CHURCHILL à DE GAULLE,
4 juin 1944
1.
Le Feldmarschall Erwin Rommel souligne d'un épais trait de plume les derniers mots du discours prononcé par le Führer, le 30 janvier 1944.
Hitler prophétise au terme de la lutte « la plus grande victoire du Reich allemand ».
Rommel se souvient de ses dernières rencontres avec le Führer. Il émane de cet homme qu'il a trouvé las, le visage blafard, une volonté indestructible. C'est bien un ancien soldat, un Frontkämpfer - un combattant du front.

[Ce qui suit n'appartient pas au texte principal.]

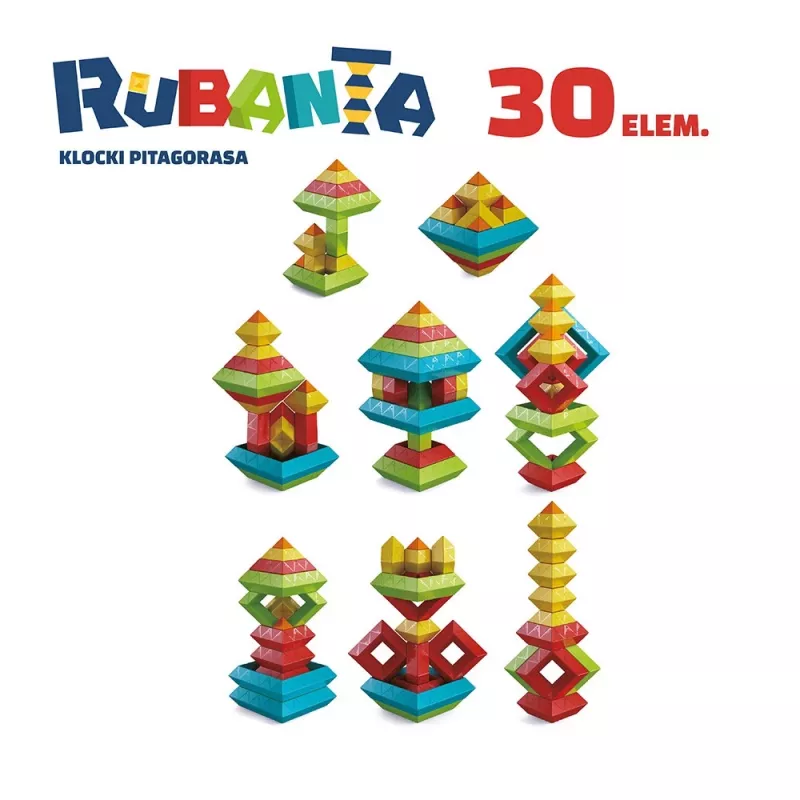 Juguete de construcción educativo Ascato Pythagoras Blocks Rubanta 30 piezas modelo 119403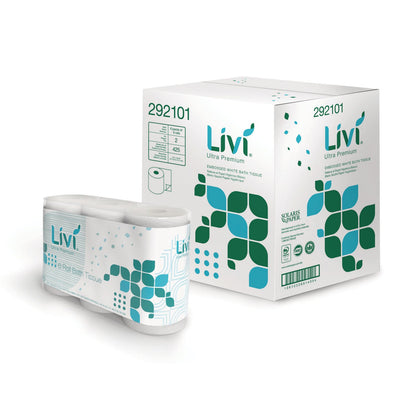 Livi Bath Tissue, 2-Ply, White, 425 Sheets, 36 Rolls/Carton (SOL292101)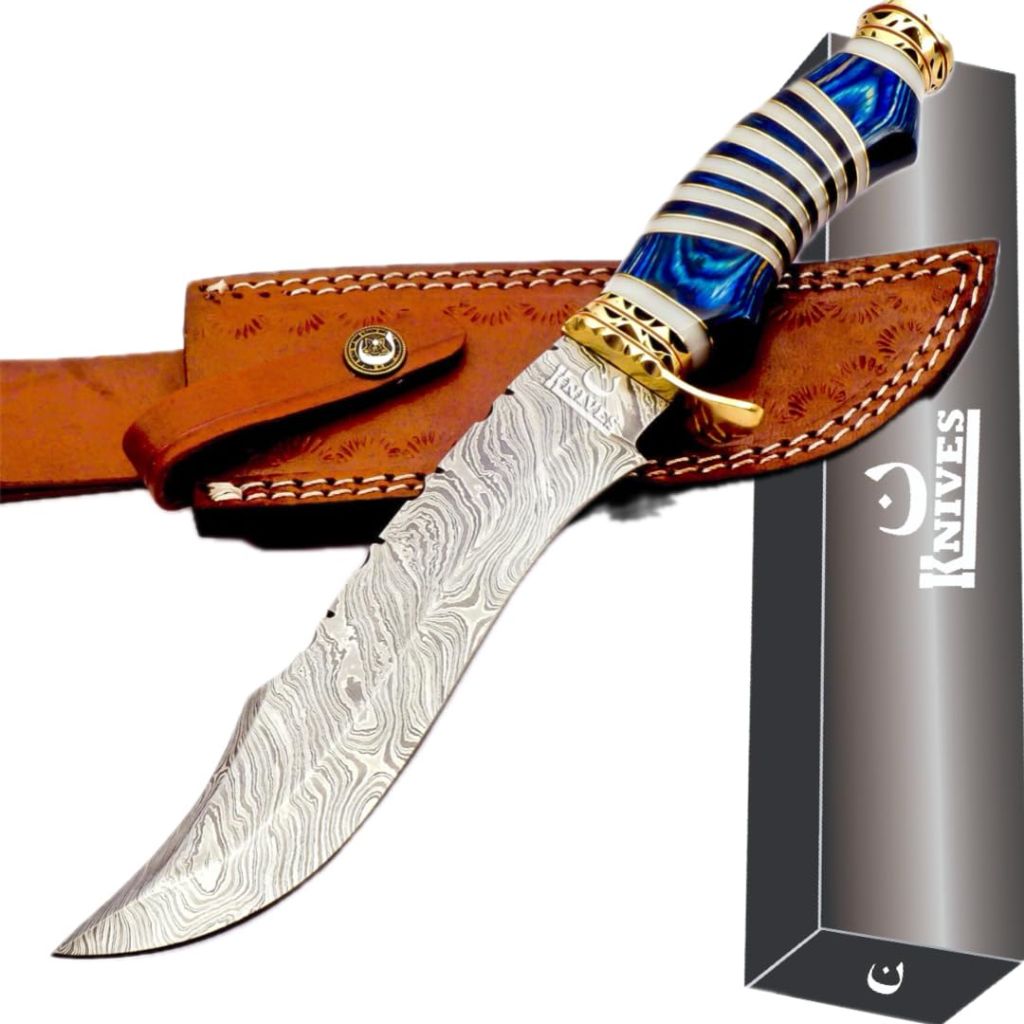 NoonKnives Hand Made Damascus Steel Collectible Bowie Knife & Handle Camel Bone with Pakka Wood (Blue)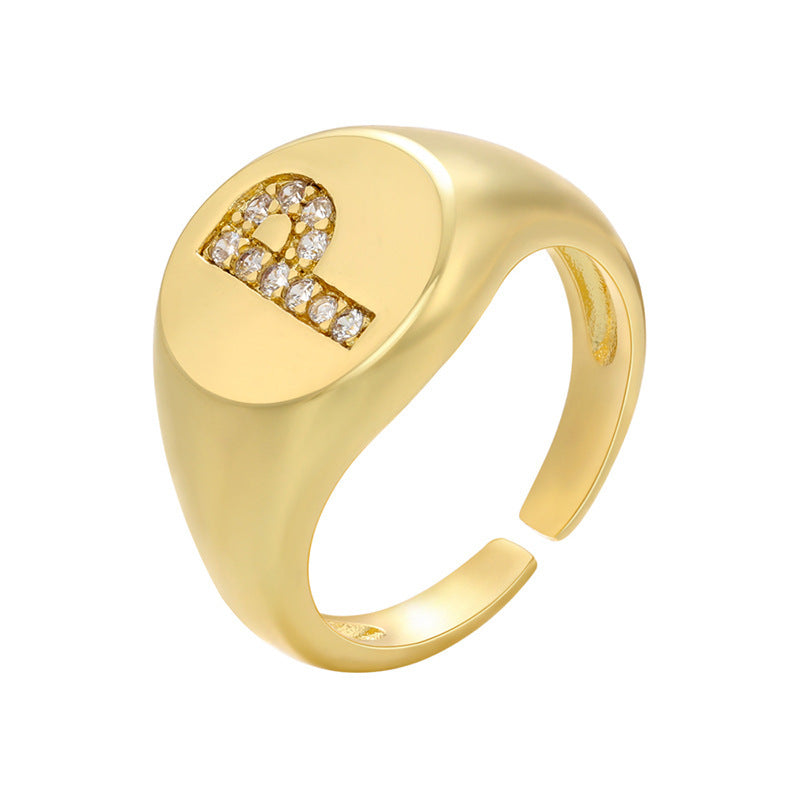 Women Adjustable Initial Ring Wide Band Gold Tone Diamond Accent Personalized Alphabet Jewelry Gift Daily Wear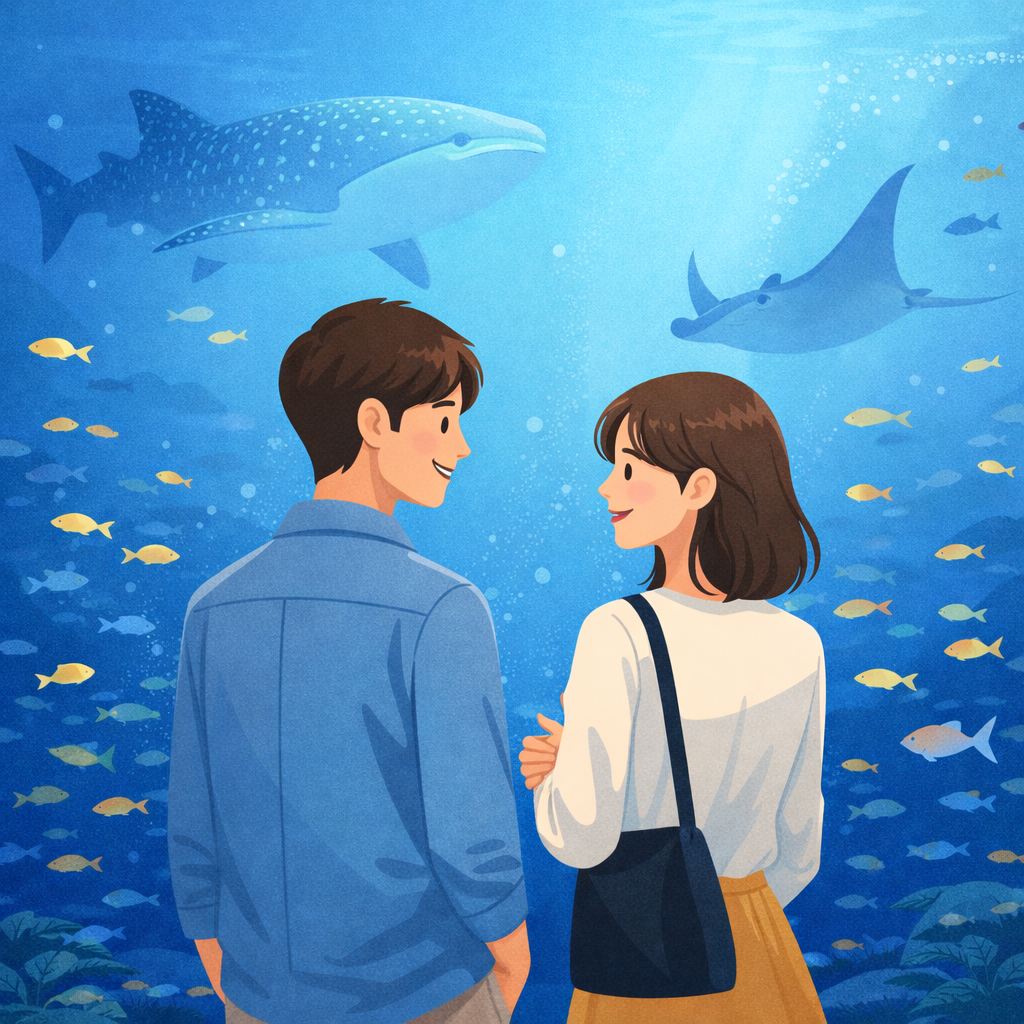大きな水槽の前で、カップルが魚を眺めながら話しているイラスト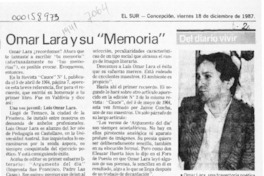 Omar Lara y su "Memoria"  [artículo] Cronos.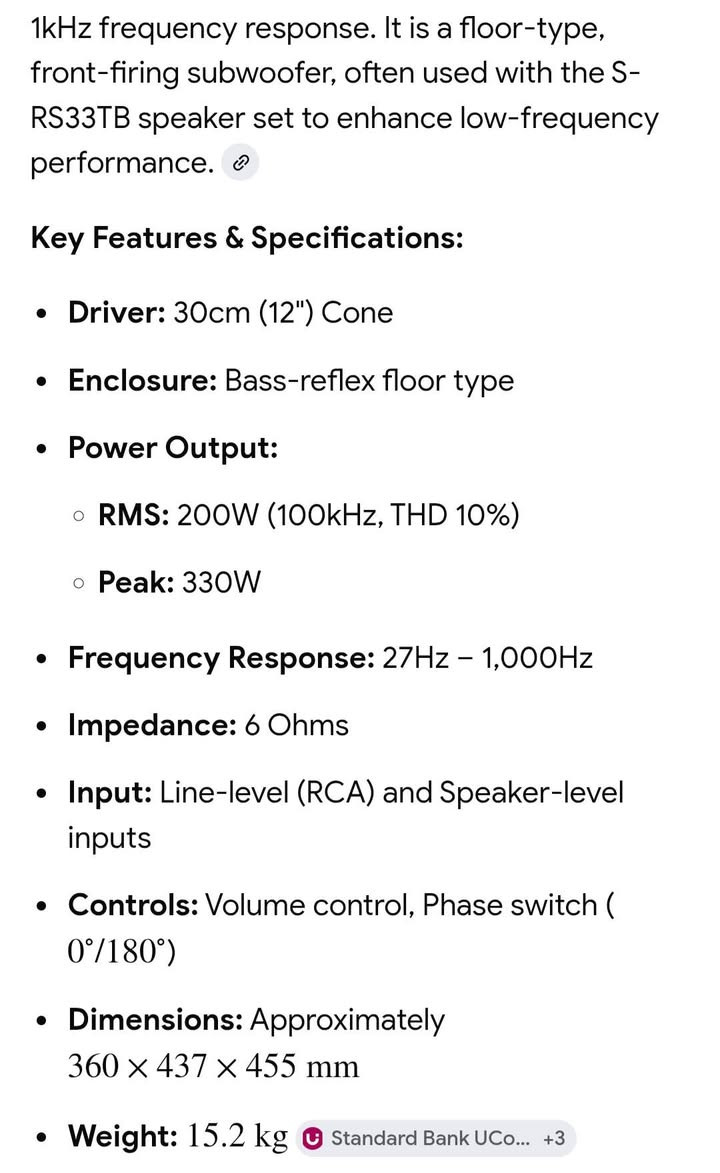السلام عليكم.. عرض #2026011
سبووفر PIONEER RS-3SW ACTIVE.
دمام فئة أكتف (تضخيم داخلي) حجم كبير و تضخيم قوي جدا
القدرة 330W , الحجم 12inch .
الوزن 15.2 كيلوغرام  و يحتوي على فتحتين هواء
صور للمداخل و المواصفات مرفقة بالمنشور.
السعر 285 الف دينار و بي مجال بسيط للطيبين أكيد 💖 ..
مكاني سليمانية... يوجد توصيل كافة المحافظات.
Mustafa Electronics 
Audio , Video & Electronics
Whatsapp: ***********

Sans doute exagère-t-il en évoquant « la plus grande victoire », mais Rommel croit qu'on peut - qu'on doit - vaincre. Ce sera difficile, mais c'est possible et, bien sûr, nécessaire.
Ses charges - ses responsabilités - sont lourdes. Le Führer l'a choisi pour être le coordinateur général du front de l'Ouest.
Il commande, en France, le groupe d'armées B. Mais il doit aussi contrôler tout le front de l'Ouest, du Danemark à la frontière espagnole, ainsi que les côtes françaises de la Méditerranée. Il rend compte directement au commandement suprême - le Grand Quartier Général du Führer.
Donc, il parcourt les côtes, visite les casemates, les fortins, étudie les obstacles antichars, tous les éléments de ce Mur de l'Atlantique construits par l'Organisation Todt.
Et les directeurs de l'Organisation viennent de lui offrir deux chiens, des bassets.
« Ils sont couchés sous mon bureau, écrit Rommel à sa femme, sa très chère Lu, l'aîné aboie quand quelqu'un entre, et tous deux hurlent continuellement pendant la nuit. »
Rommel est toujours installé dans un petit château qui a appartenu à Mme de Pompadour et est situé non loin de Fontainebleau.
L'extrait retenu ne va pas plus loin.